On the trails he spooks at the rustling of leaves, crunching of twings, other horses on the trails, woodland critters, farm machinery ect. And in the woods it is dangerous, because he'll bolt and buck when something spooks him.
I keep him at an eventing stables where I've evented through beginner novice on much quieter horses, and my trainers give me a lot of pressure to compete him, even in just dressage (because due to his tenseness, I don't feel he is ready for the jumpers ring, and he's definitely not ready from the cross country fields as his nerves have caused him to buck me off and bolt due to a spook) but even jut dressage, it would either be outside, in the ring by the woods were horses participating in cross country would drive him nuts, or inside, where the big open ring door would expose him to all the calamity of the rest of the show and cause him to spook.

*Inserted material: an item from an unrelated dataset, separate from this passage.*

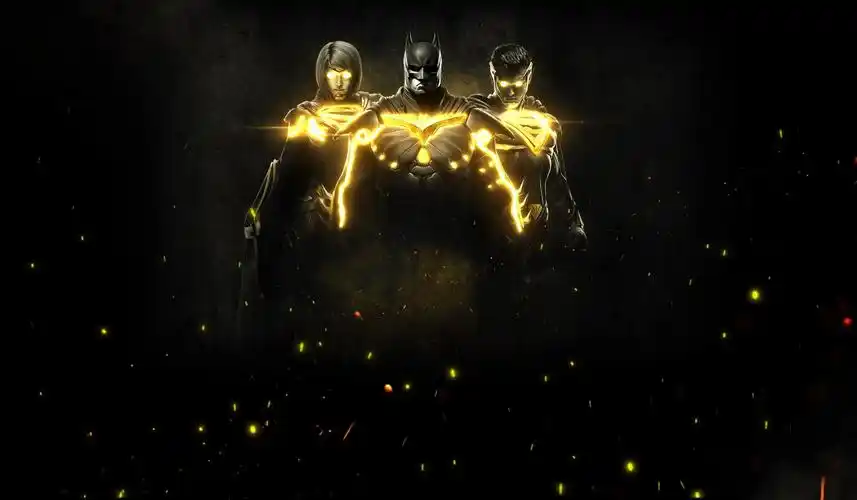 经典dc蝙蝠侠动态壁纸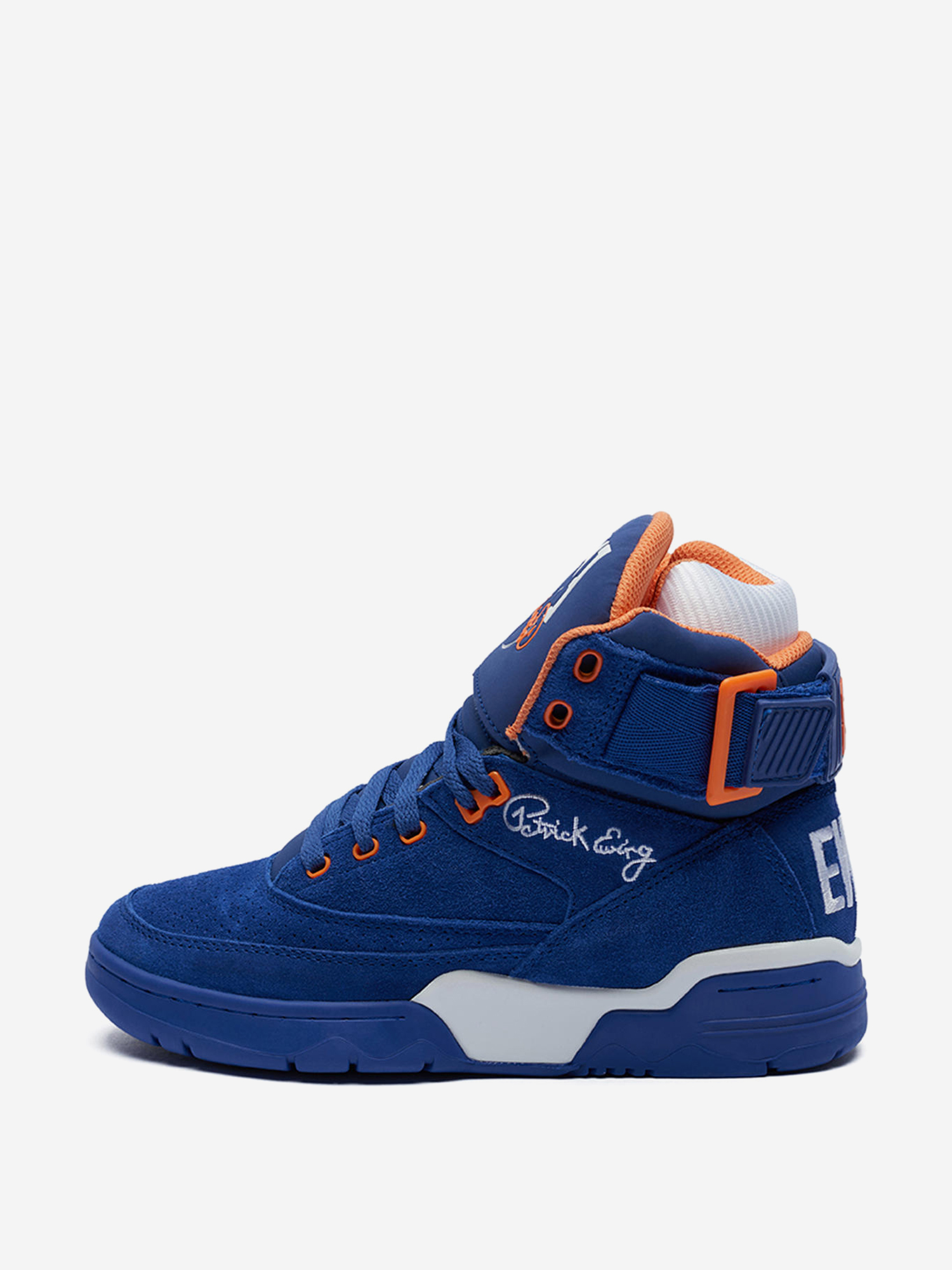 Ewing 33 HI OG Royal/White/Orange, Синий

The warm up ring would be a disaster because all the trailers driving by the shrubs to park in the field would freak him out.

I try making him look to the inside and grab his attention, and it works, I can make him look completely to the inside and give me his full attention but he'll STILL spook. 
He is also on calming supplements, and he still gets tense on them but he's only been on them for a week so I wasn't expecting much progress this quick.
I ride him completely calm, as to not contribute to his nerves, but he still gets tense and spooky.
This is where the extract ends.